Shares of newly-public company Vantiv rose nearly 15% above the IPO price in the firm’s first day of trading on the New York Stock Exchange. Readers of PaymentsJournal are already likely familiar with Vantiv, a joint-venture of Fifth Third Bank and Advent International formerly known as Fifth Third Processing Solutions. Vanitv is currently the third largest merchant acquirer in the U.S., runs the Jeanie EFT debit network, and offers credit and debit card issuer processing processing for financial institutions.
The IPO of 29.4 million shares at $17 per share raised nearly half a billion dollars.
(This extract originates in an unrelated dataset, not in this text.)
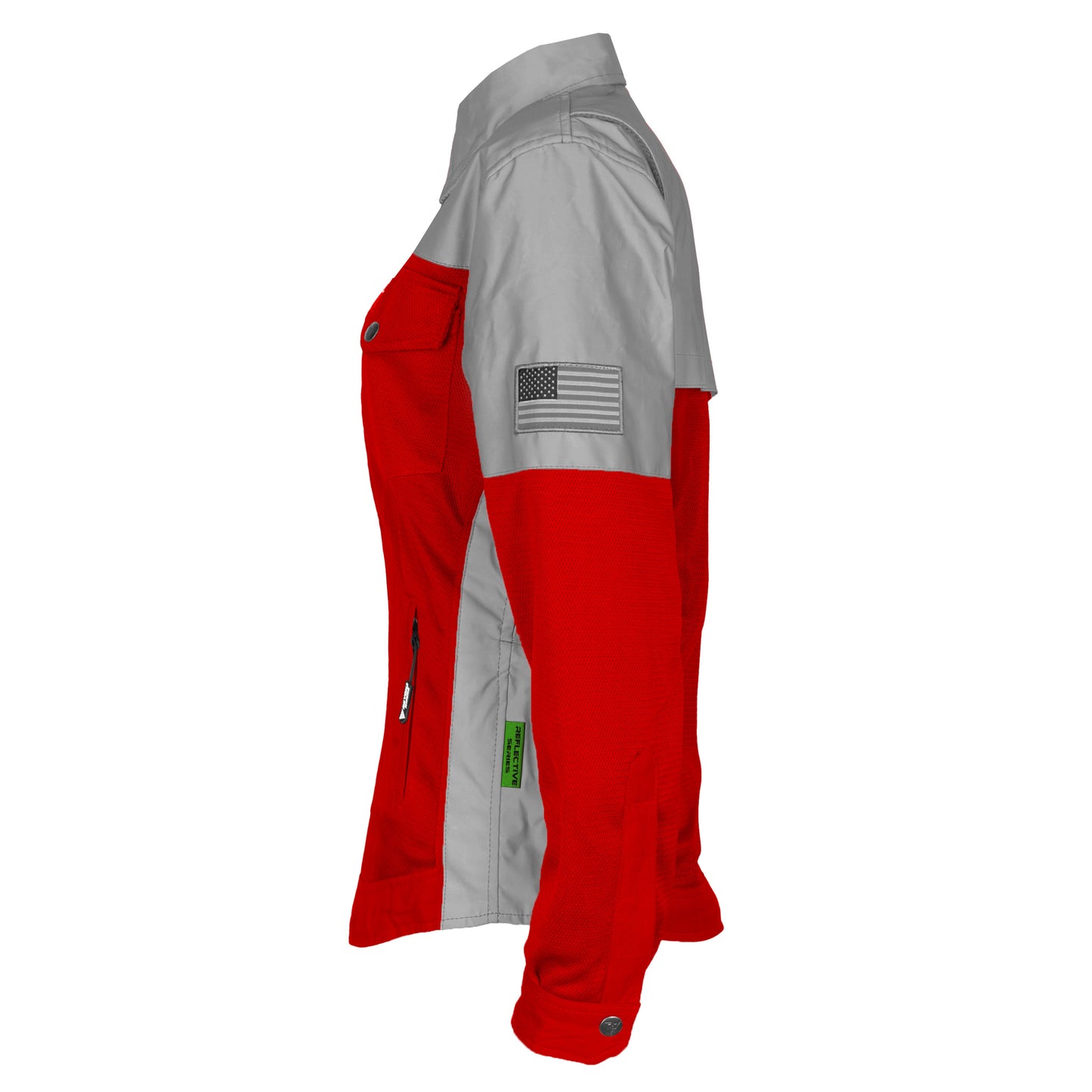 Summer Mesh Reflective Shirt Red Eclipse for Women - with Pads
Fifth Third said it expected to realize $95 million from the Vantiv IPO.
“This is the start of a great adventure,” chief executive officer Charles Drucker said. “This allows us to rapidly grow our business and expand into new markets and geographies. It’s an exciting time.” Drucker later rang the closing bell.
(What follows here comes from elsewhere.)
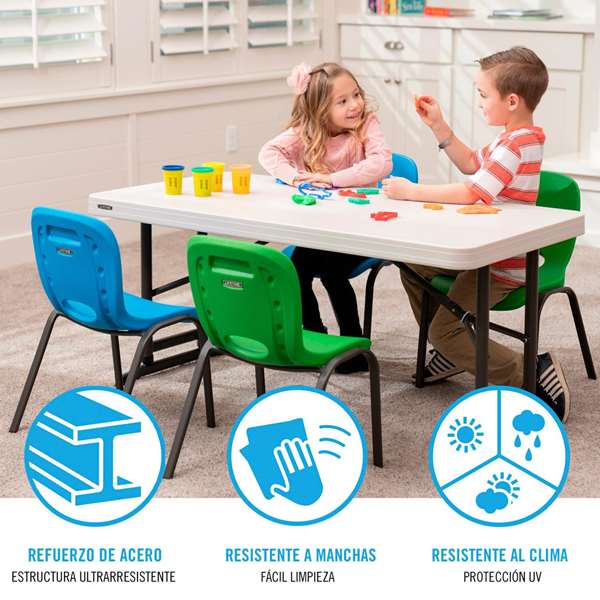 Lifetime Mesa Plegable Maletín 122x61xh61-86 cm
The regional bank has Class B stock as well as a warrant, both of which can be converted into common shares in Vantiv. The processor’s underwriters also have an option to purchase additional shares. Depending on the underwriters’ actions, Fifth Third will retain a 39- to 40-percent stake in Vantiv.
Once a critical subsidiary, Fifth Third spun off the processor to raise money amid the financial crisis. A rich source of fee income, the company processes debit and credit card transactions for retailers and smaller banks.
Drucker says the company also wants to grow through expansion into pre-paid cards as well as moving into processing for healthcare, government and education industries.
In 2011, Vantiv generated an $84.8 million profit on $1.6 billion in revenues.The region’s newest public company has said it will use the $500 million in proceeds from the IPO to pay down some of its $1.8 billion in debt.